I remember, during one of my last classes at UCL, the topic of conversation turned from the cultural implications of Algerian independence to the subject of life after university. Our lecturer, a grumpy ‘progressive Hoxhaist’, told us that things had never been worse, and out of the 20 or so students in the room, only one or two would have found any kind of full-time employment by the time the year was out. ‘But it’s not fair!’ cried one girl, ‘we’ve all worked so hard over the last four years, we’re all clever [speak for yourself, I thought], we all have debts and we’re just going to be ignored!’
‘Who are you going to blame, then?’ responded the lecturer. The question was a pertinent one: who were we to blame? The government and the banks? No, too simplistic, particularly for a class of ‘clever’ soon-to-be graduates.

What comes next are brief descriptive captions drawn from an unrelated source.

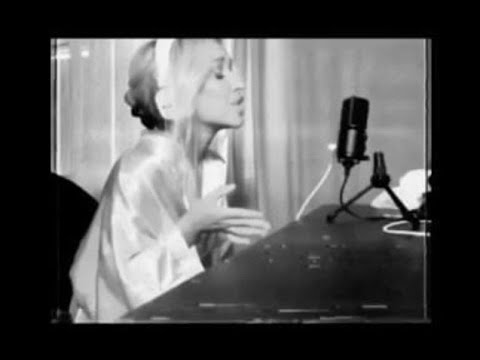 Nea Eini - Sous Le Ciel De Paris (cover)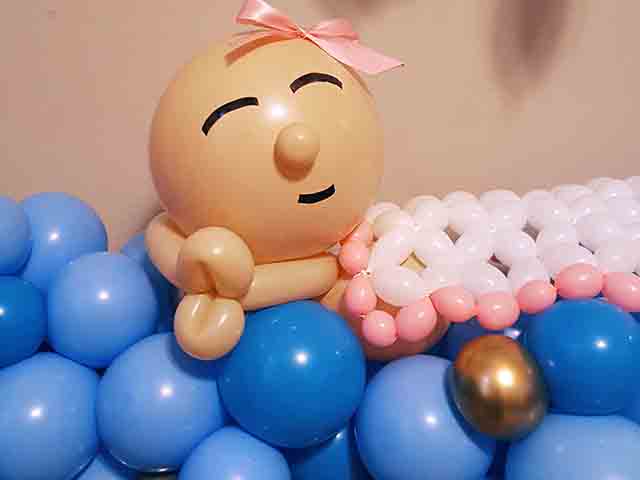 Sleeping baby balloon design with clouds on top and stars hanging down close up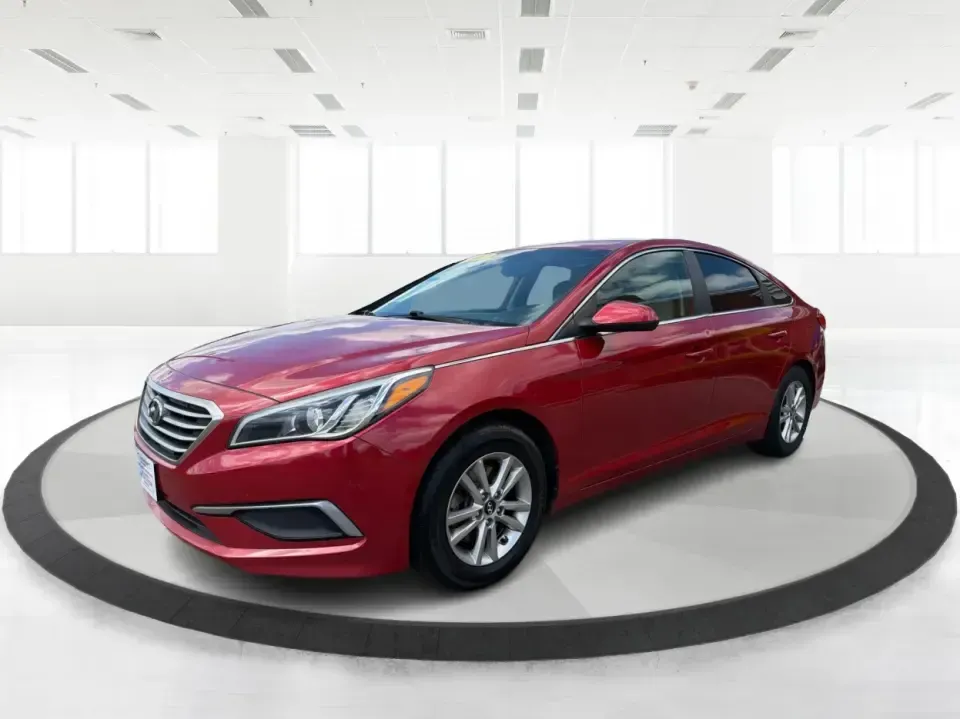 2017 Hyundai Sonata SE (5NPE24AF8HH) with an 2.4L L4 DOHC 16V engine, 7-Speed Automatic transmission, located at 8750 N County Rd 25A, Piqua, OH, 45356, (937) 908-9800, 40.164391, -84.232513 - Ready for a dependable commuter that still looks sharp pulling into work, school pickup, or a weekend dinner in town? This Scarlet Red 2017 Hyundai Sonata SE is a practical, comfortable sedan that fits real-life schedules in Piqua, Ohio-whether you're cruising up N County Rd 25A, heading toward I75 - Photo#8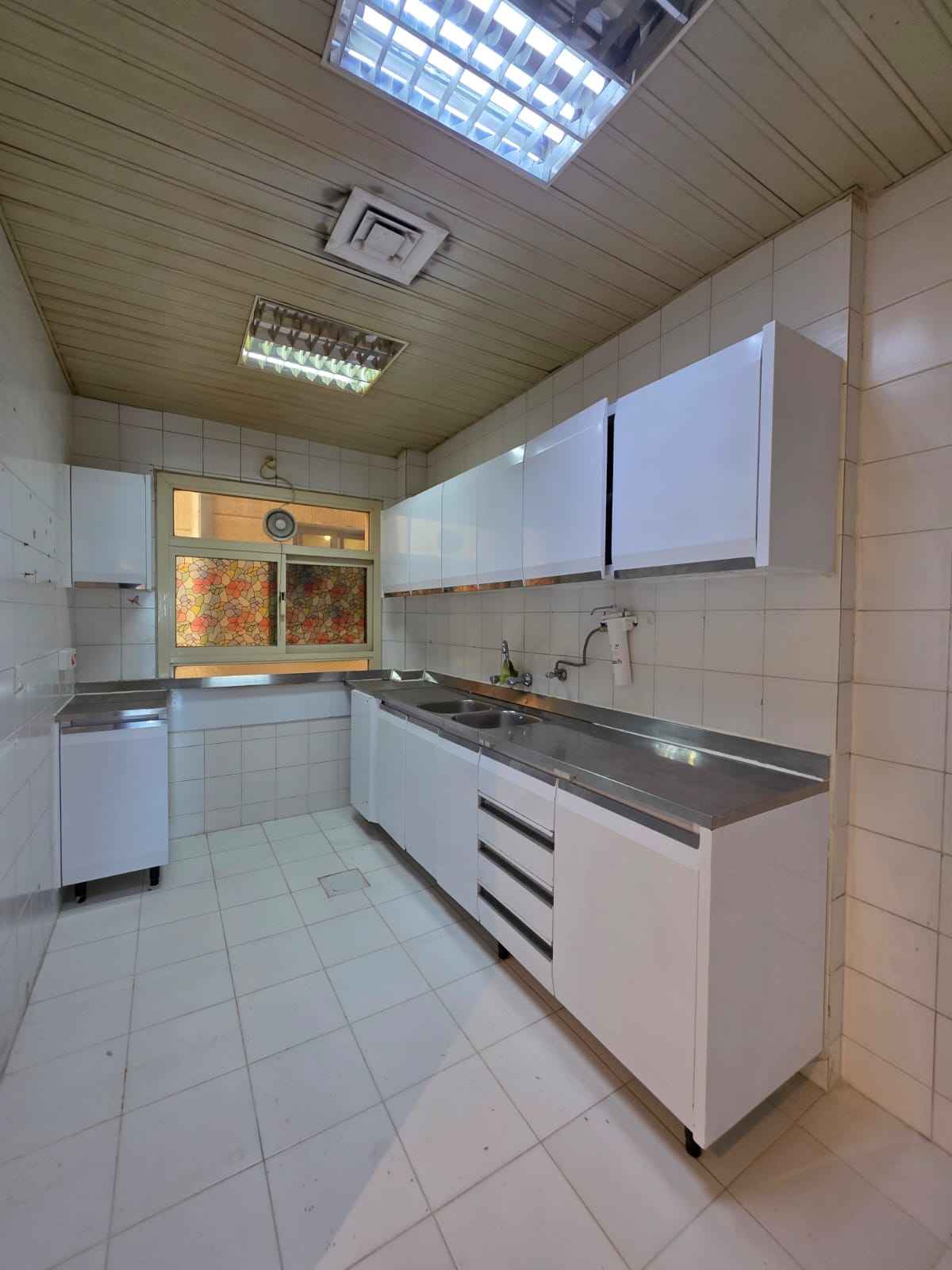 Rent Apartment in Salmiya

Our parents? Again, not an option, given that most of us would be living off their generosity for the foreseeable future. Ourselves? Well, maybe, as our lecturer went on to tell us, we were just a bunch of pampered bourgeois keener on whingeing than getting stuck in.
He had a point. Two years later and I am still a contributor to the youth unemployment statistics. In fact my generation of over-educated, underemployed twentysomethings has come almost to pride itself on its plight. Just as we remember the 1920s for its ‘Bright Young Things’, the 1960s for its Hippies and the 1980s for its Yuppies, we’ve decided that we are Yuffies: young urban failures. Future generations, we think to ourselves pompously, will look back and pity us.
So what entitles Yuffies to think of ourselves as particularly hard done by? We’re not the first generation to find ourselves out of work.